“Till dawn, Pelleas, till dawn,” she said.
“Ah, Igraine!”
“Go and sleep, Pelleas; I will talk to you on the morrow.”
X
With the girl’s face lost behind the green eaves of the bower, Pelleas fell of a sudden into great darkness of soul. It was as though the moon had passed behind a cloud, and left him agrope in the woods without light and without guide. Igraine had bidden him to go and sleep. She might as well have told the sea to be still in the lap of the wind.

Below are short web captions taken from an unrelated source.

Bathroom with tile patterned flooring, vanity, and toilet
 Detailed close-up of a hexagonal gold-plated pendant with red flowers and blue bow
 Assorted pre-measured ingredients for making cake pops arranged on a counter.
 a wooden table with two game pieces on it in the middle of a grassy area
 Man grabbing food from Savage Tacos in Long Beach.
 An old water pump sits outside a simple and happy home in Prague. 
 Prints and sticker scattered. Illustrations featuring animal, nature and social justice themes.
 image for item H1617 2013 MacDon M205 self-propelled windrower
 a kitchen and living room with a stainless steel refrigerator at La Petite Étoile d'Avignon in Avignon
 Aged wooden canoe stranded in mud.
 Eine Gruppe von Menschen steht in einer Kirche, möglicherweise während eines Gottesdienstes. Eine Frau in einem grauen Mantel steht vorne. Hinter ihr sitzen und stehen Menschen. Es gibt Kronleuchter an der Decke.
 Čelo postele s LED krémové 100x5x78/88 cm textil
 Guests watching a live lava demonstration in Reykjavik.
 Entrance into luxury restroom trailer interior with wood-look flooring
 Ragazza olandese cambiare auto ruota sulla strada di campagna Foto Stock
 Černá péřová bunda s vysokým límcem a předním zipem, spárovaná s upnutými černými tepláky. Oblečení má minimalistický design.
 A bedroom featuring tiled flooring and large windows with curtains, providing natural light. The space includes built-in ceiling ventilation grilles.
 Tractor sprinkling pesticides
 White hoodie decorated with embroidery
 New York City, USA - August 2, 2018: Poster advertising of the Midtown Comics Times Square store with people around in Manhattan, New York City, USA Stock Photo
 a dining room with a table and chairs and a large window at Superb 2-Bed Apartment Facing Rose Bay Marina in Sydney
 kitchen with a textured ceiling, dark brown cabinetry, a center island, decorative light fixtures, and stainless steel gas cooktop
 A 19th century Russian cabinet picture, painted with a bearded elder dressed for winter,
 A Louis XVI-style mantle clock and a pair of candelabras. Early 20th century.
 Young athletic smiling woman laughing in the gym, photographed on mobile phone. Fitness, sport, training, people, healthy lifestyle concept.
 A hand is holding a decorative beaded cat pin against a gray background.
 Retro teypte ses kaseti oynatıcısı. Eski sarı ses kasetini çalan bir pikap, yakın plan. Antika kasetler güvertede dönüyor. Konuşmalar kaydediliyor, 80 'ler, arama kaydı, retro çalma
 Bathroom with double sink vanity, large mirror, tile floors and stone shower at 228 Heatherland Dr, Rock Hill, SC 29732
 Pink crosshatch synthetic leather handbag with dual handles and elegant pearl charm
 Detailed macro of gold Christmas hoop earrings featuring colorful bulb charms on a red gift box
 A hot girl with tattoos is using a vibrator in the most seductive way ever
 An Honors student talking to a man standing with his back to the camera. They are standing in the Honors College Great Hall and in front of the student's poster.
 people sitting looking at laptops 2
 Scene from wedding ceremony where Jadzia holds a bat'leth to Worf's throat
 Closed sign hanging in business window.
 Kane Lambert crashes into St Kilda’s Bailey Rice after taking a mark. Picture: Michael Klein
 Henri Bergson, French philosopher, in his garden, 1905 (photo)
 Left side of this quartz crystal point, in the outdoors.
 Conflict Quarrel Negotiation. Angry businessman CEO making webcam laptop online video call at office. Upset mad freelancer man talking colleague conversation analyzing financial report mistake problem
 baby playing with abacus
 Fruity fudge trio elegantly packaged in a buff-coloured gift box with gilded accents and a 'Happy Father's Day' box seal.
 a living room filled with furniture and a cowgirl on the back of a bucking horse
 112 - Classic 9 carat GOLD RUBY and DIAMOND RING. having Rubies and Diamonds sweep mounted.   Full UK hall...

Going aside towards the mouth of the glade so that he might not disturb the girl, he began to tread the grass between brake and brake, while he held parley with his turbulent and seething thoughts. What was Igraine to be to him on the morrow? She had broken the back of his determination, and beaten down his strength in those grand moments of sudden passion. The rich June of her beauty was still on his sight. Her grace, her infinite tenderness, the purity of her, were all set about his soul like angels round a dreamer’s bed. She was light and darkness, sound and silence; she had the round world in her red heart, and the stars seemed to go about her in companies of gold. Never had Pelleas thought idolatry so smooth and swift a sin. He had never believed that love in so brief a space could make such wrack of madness in a hale and healthy body.
As he walked under the giant limbs of the great trees he tried to grapple the thing with reason, to untangle this knot by natural logic. These were the bleak facts, and they stood up like white headstones in the night. He loved Igraine, and Igraine he knew loved him in turn; but Igraine was a nun despite her womanliness, and there lay the core of the whole matter. If he obeyed love he must disgrace the girl with broken vows, for like a staunchly taught Christian of somewhat stern and primitive mould he stood in honest awe of things spiritual and ecclesiastic. His very love for the girl made him fearful of in any way dishonouring her. If he held to the trite observations of a prompted conscience, then he must forswear love, and leave Igraine to the miserable celibacy of the Church, that chrysalid state that never burgeons into the fuller, fairer life of perfect womanhood. These were the two forces that held him shaken in the balance.
Long while he went east and west under the trees with the old gloom flooding back like thunder. His whole thought seemed warped into bitterness; the blatant mockery of it all grinned and screamed like a harpy. Again with clarion cry and rosy flush of banners love stormed in and held law at death’s door for a season. Again came the inevitable repulse, the moaning lapse of desire, while the black banner of the Church flapped once more over him in dismal sanctity. Pelleas found no shred of peace wheresoever he looked. Who has not learnt that when anarchy is in the heart, the whole world seems out of gear?
As the night passed, love seemed to faint and wax pale before an ever-darkening visage that declared despair. A sense of inevitable gloom seemed to weigh down desire, and to drown hope in misery. Pelleas grew calmer at heart, though his thoughts were no less woeful. Love’s voice, stifled and wistful, came like an elfin voice through woods, while the cry of conscience was like the thundering surge of the wind through trees. He grew less restless, more apathetic. Coming to a halt he leant against an oak’s bossy trunk, and stood motionless as in a stupor for an hour or more. The blight of soul-sickness was on him, and he was like one dazed by a great fever.